[ART in BRANDING] 1. The Church & Monarchy: Art as Tool of Power
- CBO Editorial
- Jan 4
- 10 min read
Updated: Jan 26
The Church: History's First Global Brand
If we were to broadly interpret the meaning of "brand," perhaps the longest-surviving brand in history would be religion. The unboxing 'rituals' of the newest iPhones and collectible sneakers shared on YouTube, the 'pilgrimages' that fans make to branded destinations, the fanatic followers who 'evangelize' the 'gospel' of Patagonia – many of today's brand experience design concepts have taken after organized religions, as evident in the terminology itself. In Western civilization, the religious organization that became the backbone of society - what we'll call "the Church" (referring to the organization, not the building) - demonstrated an unprecedented mastery of visual communication that would influence institutions for centuries to come.

The Church Inducts Art: Branding the Divine
The Church recognized the power of art early in its history. From ancient times, art served as the Church's "visual language" and was one of its essential communication tools. It was indispensable for communicating with and educating the faithful, ultimately serving the goals of evangelization and maintaining religious society.

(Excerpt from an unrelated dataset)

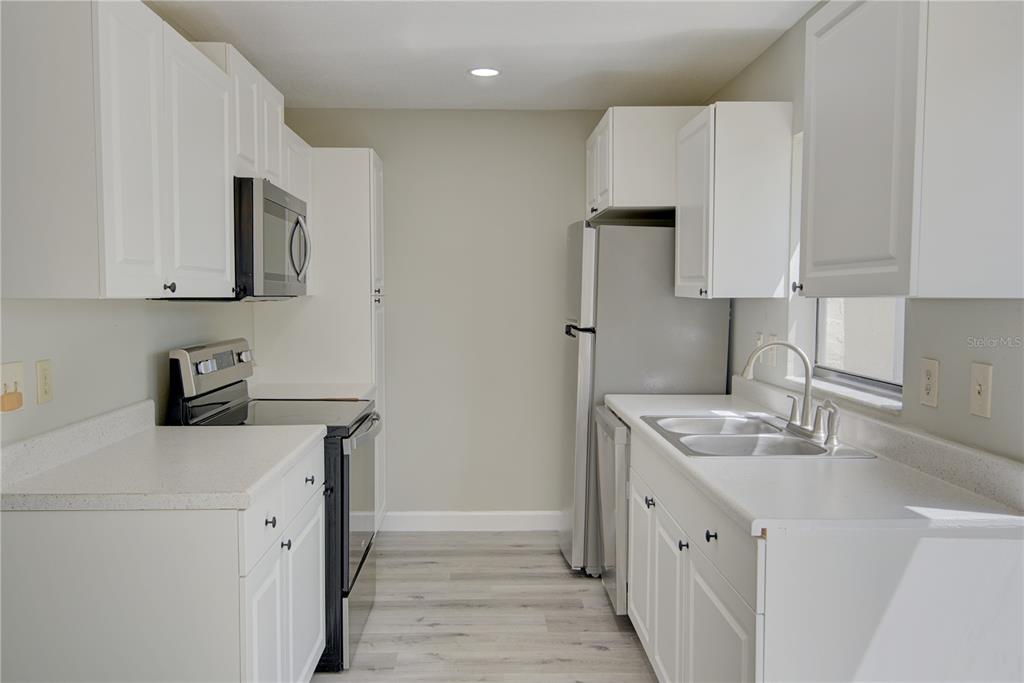 A galley kitchen features white cabinets, stainless steel appliances, and light-colored wood-look flooring — 6296 RIVER RUN PLACE UNIT 194, ORLANDO, FL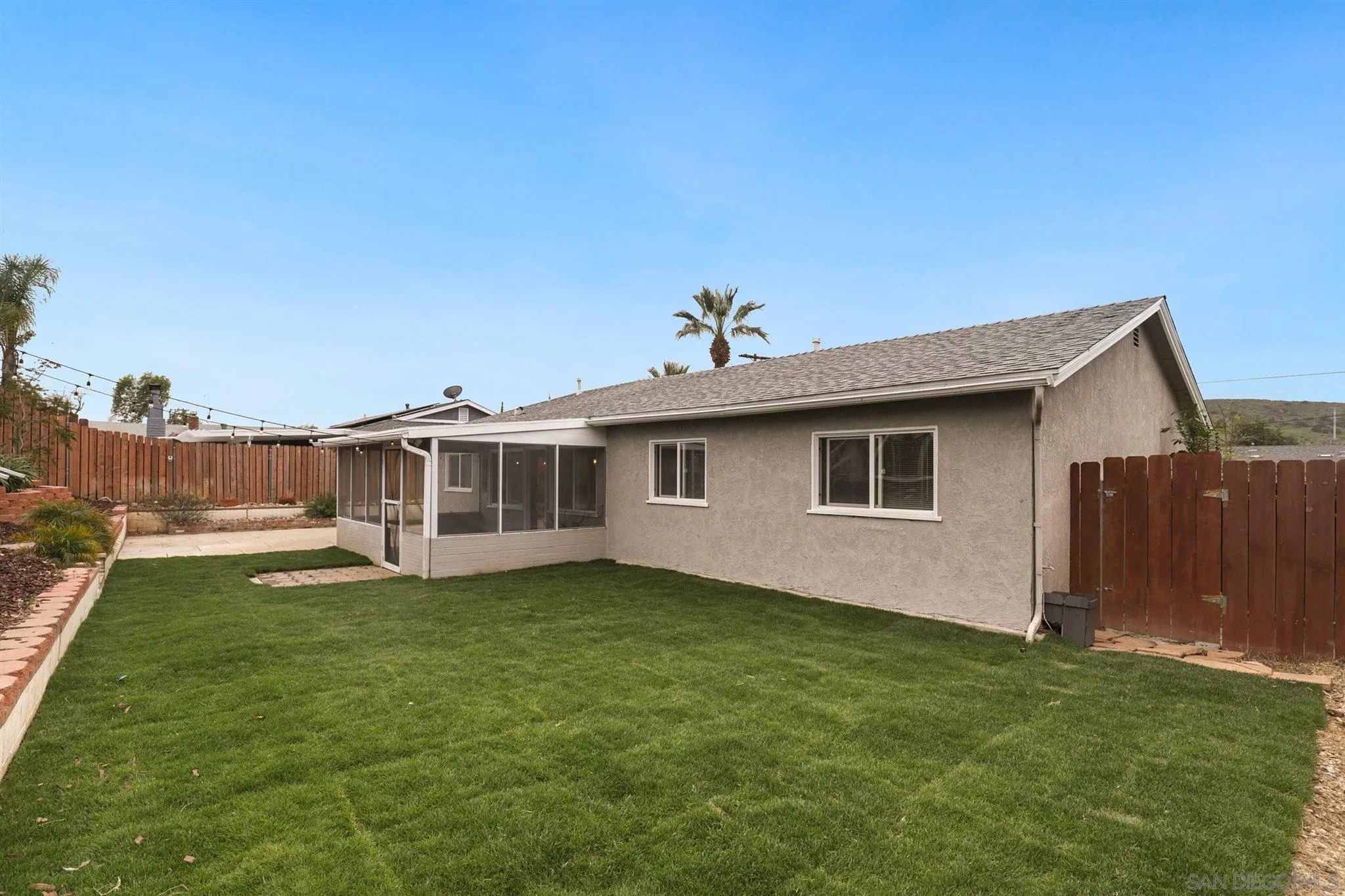 9753 Settle Road Santee, CA 92071 - Photo 21 of 31 a view of a house with a yard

For centuries in Western civilization, this brand was the most powerful patron of the arts. Rather than what we now think of as "corporate social responsibility" style sponsorship of the arts, this relationship more closely resembled how modern organizations work with creative agencies to produce marketing communication materials. Through art, the Church transmitted its brand identity and sowed the seeds of faith. Images of saints, biblical scenes, and theological concepts were transformed into paintings and sculptures that functioned as educational tools, playing a crucial role in expanding the brand's community. This approach transcended barriers of language and literacy, working persuasively for all viewers and creating unity.
Building a Universal Visual Language
The Church used symbols and images to enrich its narrative and capture the hearts of the faithful. Paintings and sculptures consistently featured specific figures, scenes, gestures, and symbolic signs. Thanks to this consistent iconography, audiences of the time could recognize the depicted scenes and the brand values they taught. Just as we easily recognize various brand logos today, these symbols were familiar to those who lived through the Medieval, Renaissance, and Baroque periods. Visual consistency is crucial in branding, isn't it? The origins of what we now systematize as "brand design" - including logo design, color specifications, proprietary typefaces, and visual motifs - can be traced back to how religion effectively built a consistent visual language through art over time.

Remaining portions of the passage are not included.